CHICAGO -- Lance Berkman stood at first base Monday night watching the lightning storm that hovered over Wrigley Field, wondering why he was standing in harm's way for the sake of a baseball game.

He also thought about Craig Biggio, who years ago had an up-close view of how devastating one bolt of lightning can be if you're at the wrong place, at the wrong time. No one knows better than Biggio, who as a high school shortstop watched his teammate and friend die from a lightning bolt only feet from him, while playing second base.

"Bidge was terrified of lightning, for good reason," Berkman said. "Ever since then, clearly, he wouldn't have gone out there at all [during a lightning storm]. He knows firsthand that lightning is nothing to play around with."

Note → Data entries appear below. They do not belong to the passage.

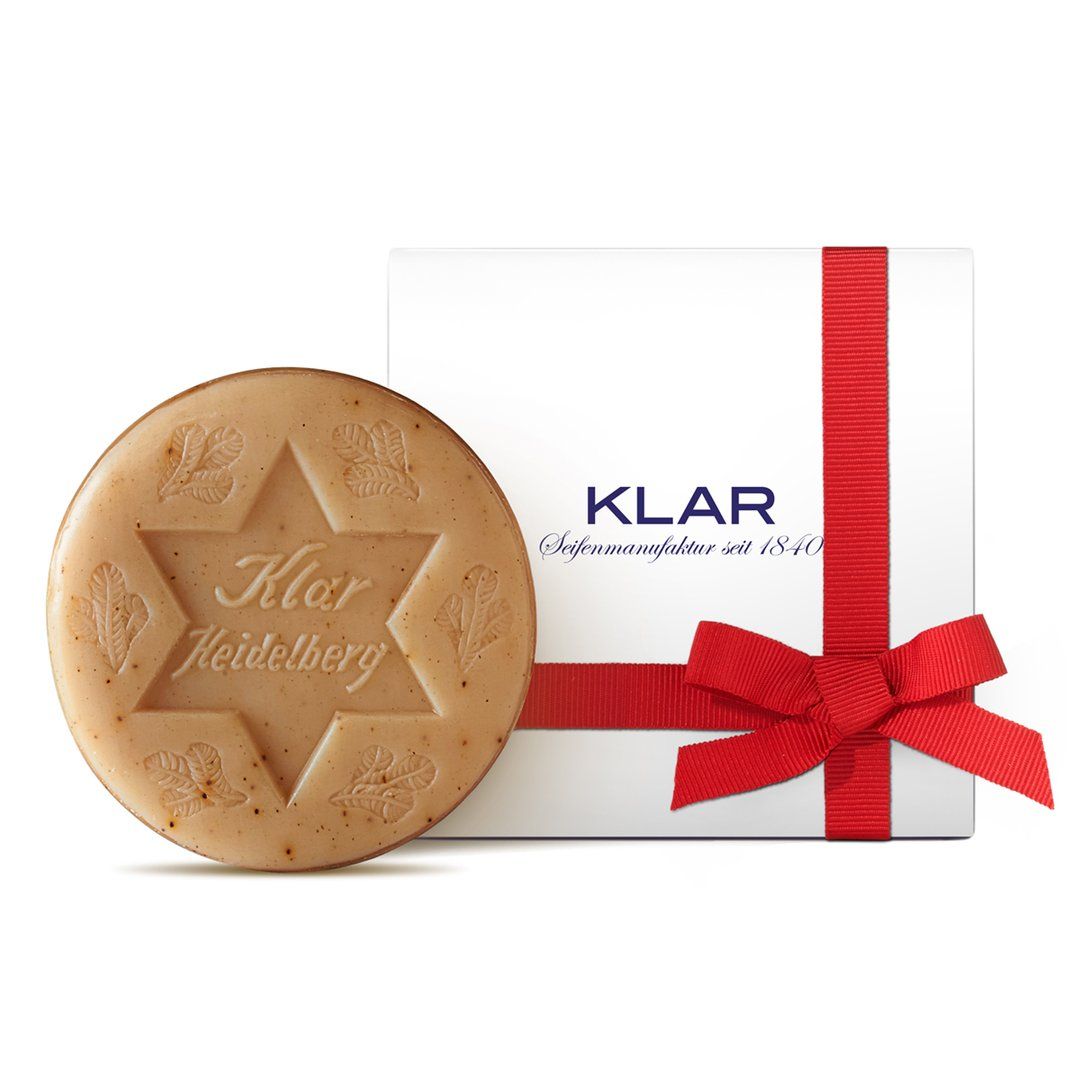 Savon rond avec motif étoile et inscription. À côté, une boîte cadeau avec un ruban rouge. Logo Klar.
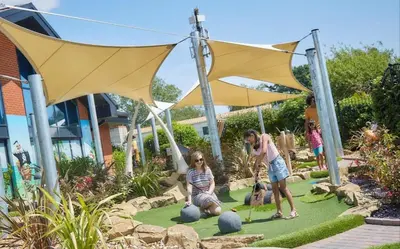 a group of people playing in a garden at The Pink Lady in Walton-on-the-Naze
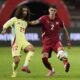 Spain's Marc Cucurella challenges for the ball with Serbia's Kosta Nedeljkovic during the UEFA Nations League soccer match between Serbia and Spain at the Rajko Mitic Stadium, in Belgrade, Serbia, Thursday, Sept. 5, 2024. (AP Photo/Darko Vojinovic)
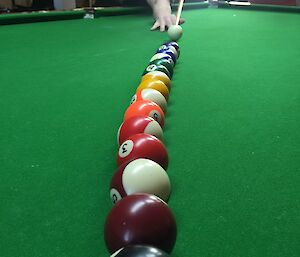 All the balls are lined up row, sorted by rainbow colour with Jimmy aiming to hit the white ball into them.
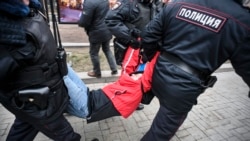 Russian policemen detain a protester during a rally against constitutional reforms in Moscow on January 19.
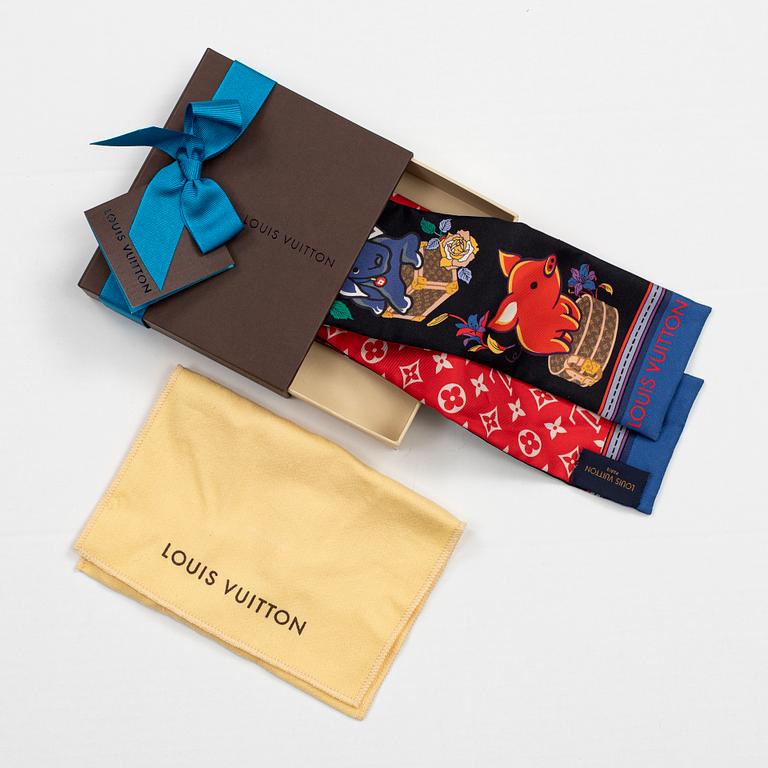 A Louis Vuitton silk monogram 'Superstition' bandeau scarf.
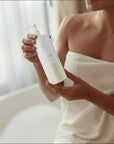 En kvinna står i morgonrock och håller i en BodyGliss Female Care Collection Care & Comfort Silicone 250 ml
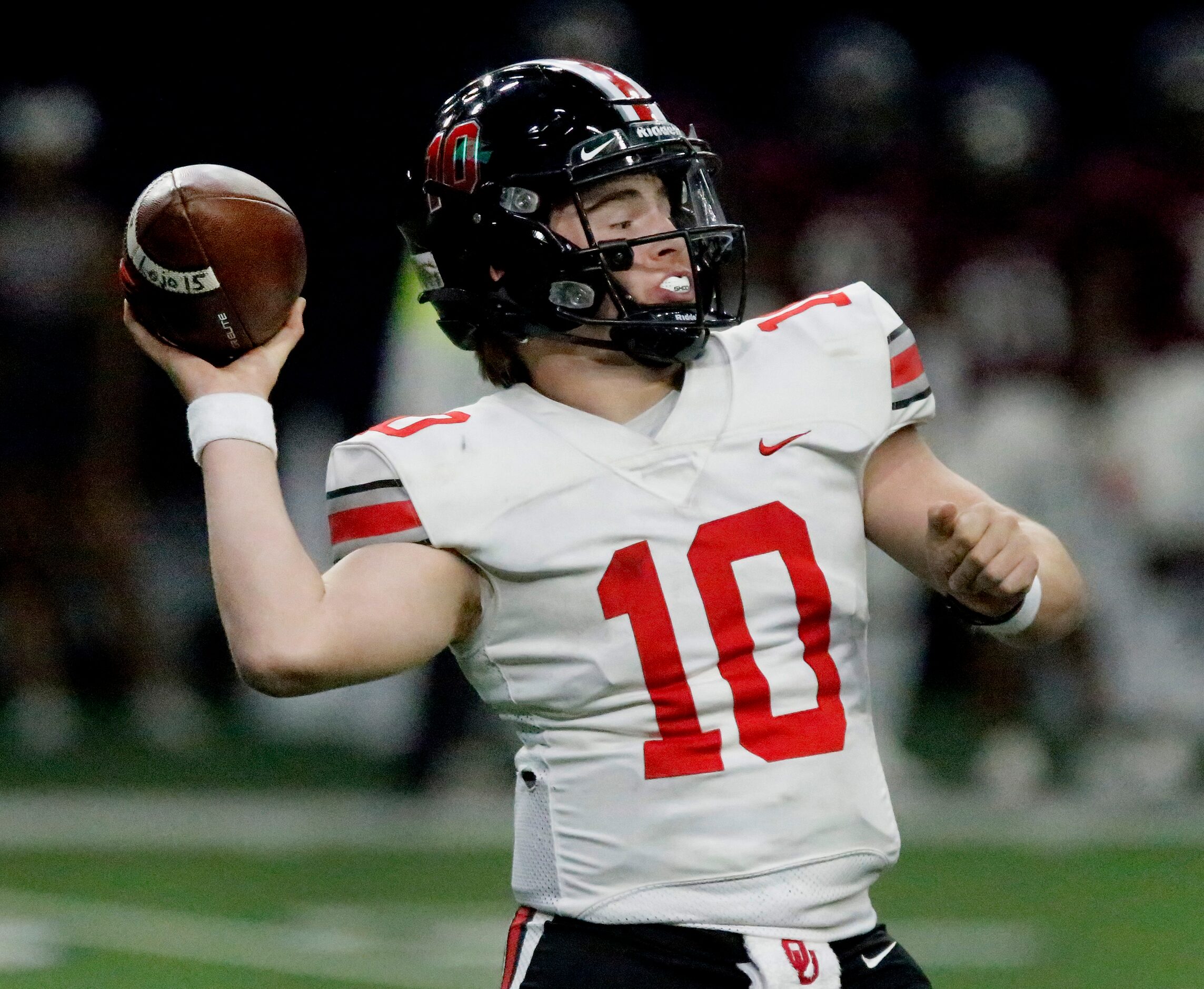 Lovejoy High School quarterback Alexander Franklin (10) throws a pass during the first half...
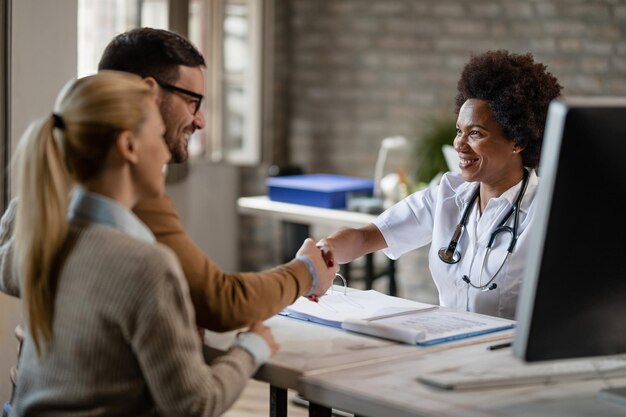 Una pareja feliz dándose la mano con una doctora negra después de las consultas en la clínica El foco está en el doctor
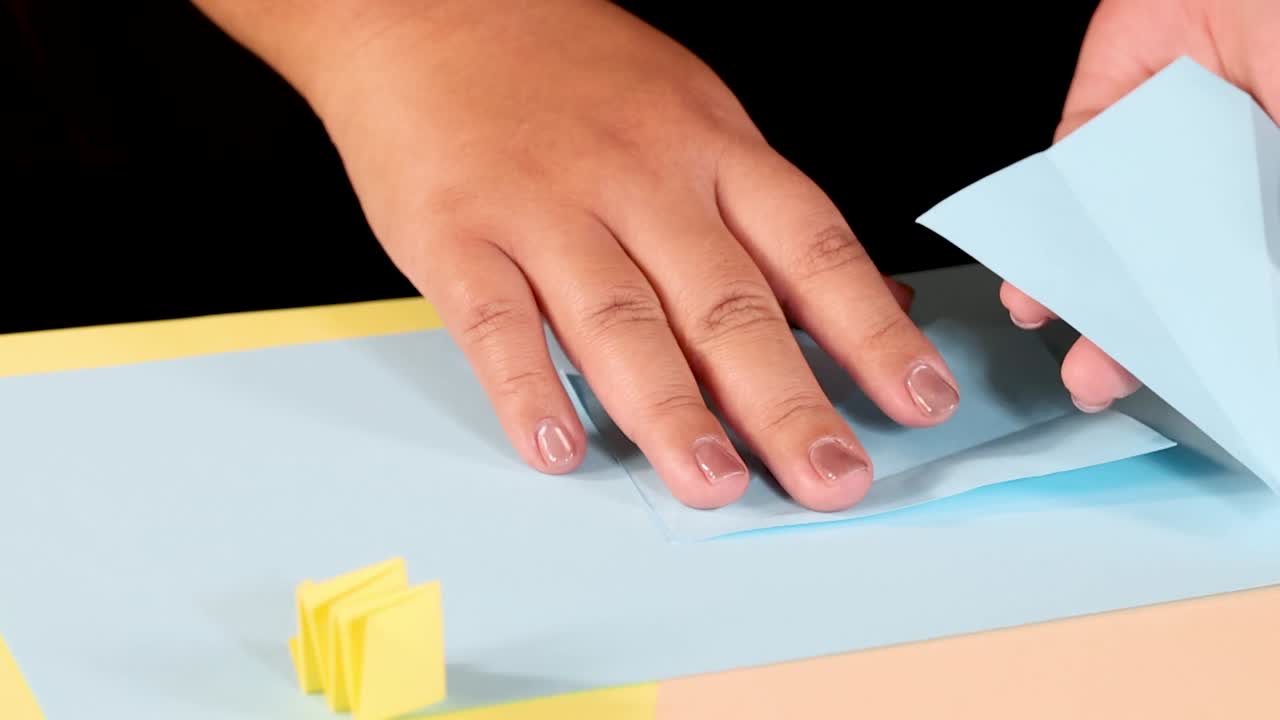 Mani che tagliano e piegano con cura carta azzurra su un piano di lavoro color pastello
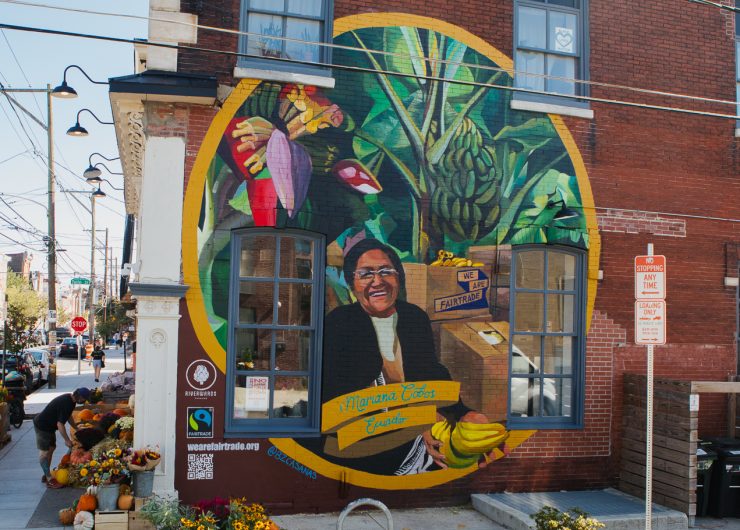 Mural of Ecuadorian banana farmer, Mariana Cobos, painted by Betsy Casañas on the side of Riverwards Produce in Philadelphia, PA.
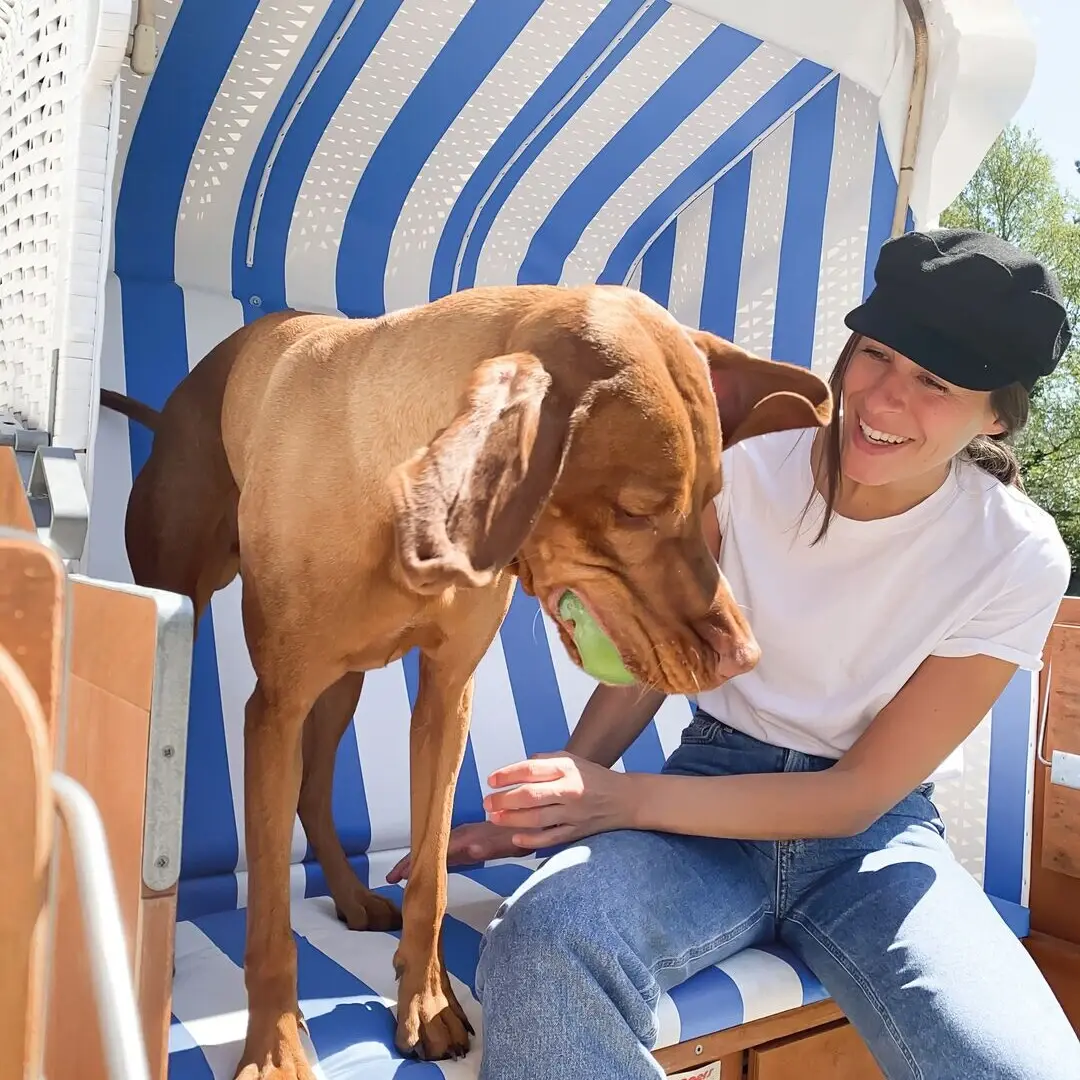 Eine Frau sitzt mit einem großen braunen Hund in einem Strandkorb und lächelt.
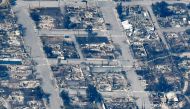 The charred remnants of homes and buildings, destroyed by a wildfire on June 30, are left behind in Lytton, British Columbia, Canada July 6, 2021, as seen in this aerial photograph. REUTERS/Jennifer Gauthier/File Photo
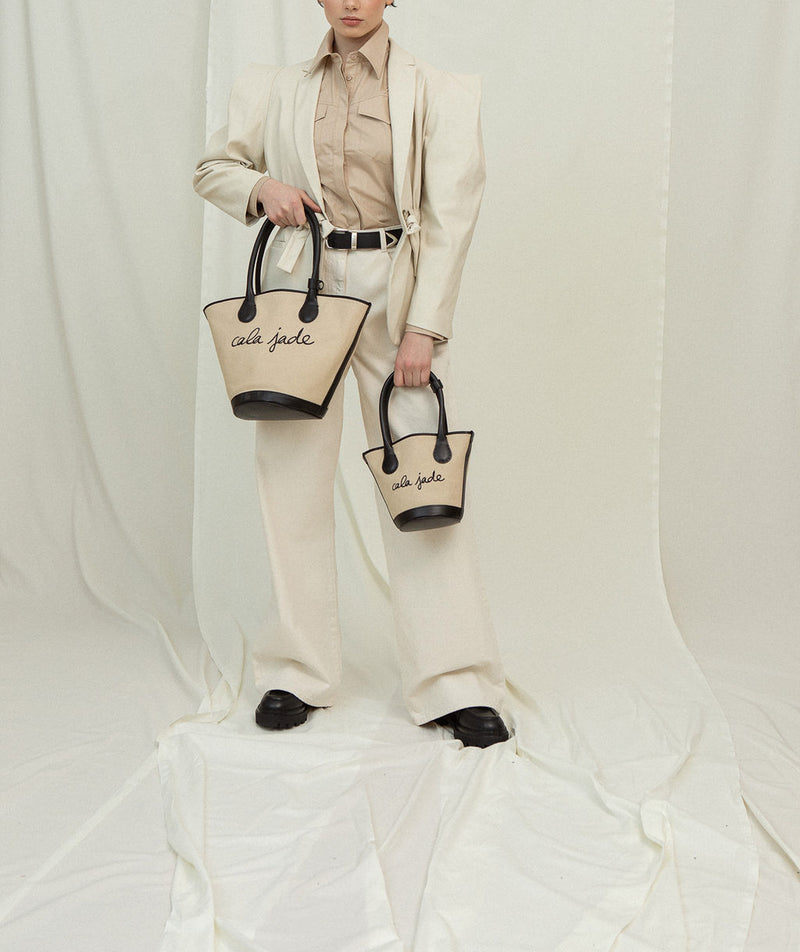 Cala Jade Sandhi beige canvs tote bag on model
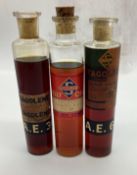 Three Early Skelly Test Bottles w/ Cork and Pape Labels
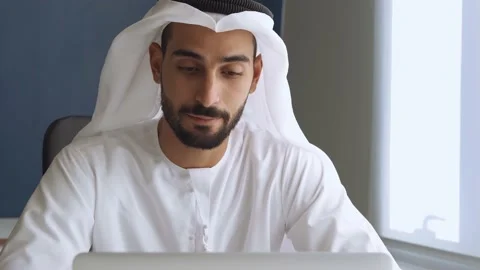 Handsome man with traditional clothes working in an office of Dubai Stock Footage 167857249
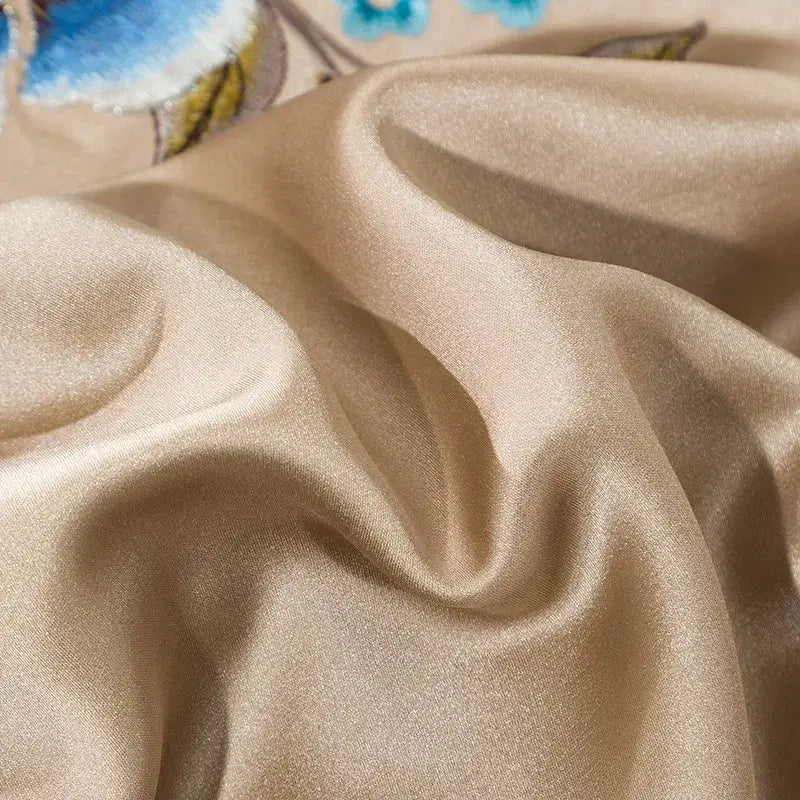 Beige and blue embroidered egyptian cotton bedding set with satin sheen and delicate floral embroidery for luxury bedroom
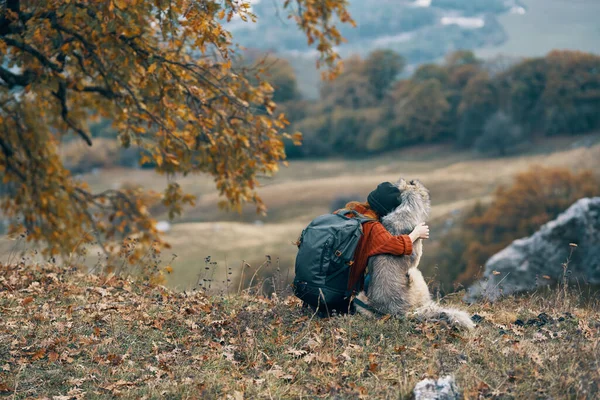 Woman hiker hugging with dog on nature in the mountains travel friendship — Stock Photo, Image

Yet on Monday, lightning may not have been something to play with, but it was something to play in. Even when the storms subsided at times Monday night, the lightning did not.

Finally, as Berkman watched a bolt hit a nearby firehouse in the eighth inning, he decided he'd seen enough. Wally Bell, the chief of the umpiring crew, came to the same conclusion and ushered everyone off the field.

"That last bolt could not have been more than half a mile away," Berkman said. "It was right on top of us. That's way too close to be fooling around. They did the right thing and pulled us off the field."

But should they have done it earlier? The lightning continued after play resumed following the first rain delay, but Bell said the reports he received indicated the players were not in danger.

"The lightning, in my opinion, even though it lit up the skies, it was deep and away from the ballpark," Bell said after the game was called. "I had talked to the groundskeeper several times about the weather, and he said there were possible storms coming in. I was concerned about the lightning."

But it wasn't until 11:15 p.m., in the eighth inning, when the lightning finally was deemed to close for comfort.

For some Astros, that was a tad too late.

"I'm not trying to put it on [Cubs general manager] Jim Hendry or anything like that," Berkman said. "But whoever is in charge of the Cubs and their operations here, if it was me, when the tornado sirens went off the first time, I would have immediately said, 'We're not playing this game.'

"We've got to keep some perspective here. This is a baseball game and these games are important because teams are trying to make the playoffs and everybody understands that. At the same time, don't lose your mind. You've got tornado sirens going off and severe weather all over the place. There's no reason for it. There's no reason to put fans at risk, there's no reason for the players to be at risk."

Hendry was quoted after the game explaining that once the first pitch is thrown, the game's fate, and the decisions that go along with it, are in the umpire's hands.

Berkman lauded Bell for making the call to clear the field, but he wondered if the decision should have come a little earlier.

"The ones that kill people, you don't wait for the thing to hit the field before you say, 'Well, there's lightning in the area,'" Berkman said. "If lightning is striking all around, I don't care if it says it's 10 miles away on the radar. It can [hit] like that.

"If we were down 2-0, I would say the same thing. It's a baseball game, for Pete's sake, and there's no need to play through a tornado. It's not worth it. I'm sure I'll get roasted, but you have to keep some perspective."

Manager Cecil Cooper has been in baseball for 41 years, and bench coach Jackie Moore has 10 years on top of that. Neither could ever remember playing, coaching or managing a game during a lightning storm.

"You don't want to take chances," Cooper said. "Everybody was at risk. Everybody. It's not like it was just a slippery field and the players had a chance to get hurt. Everybody was at risk. What if [lightning] had hit the stands?"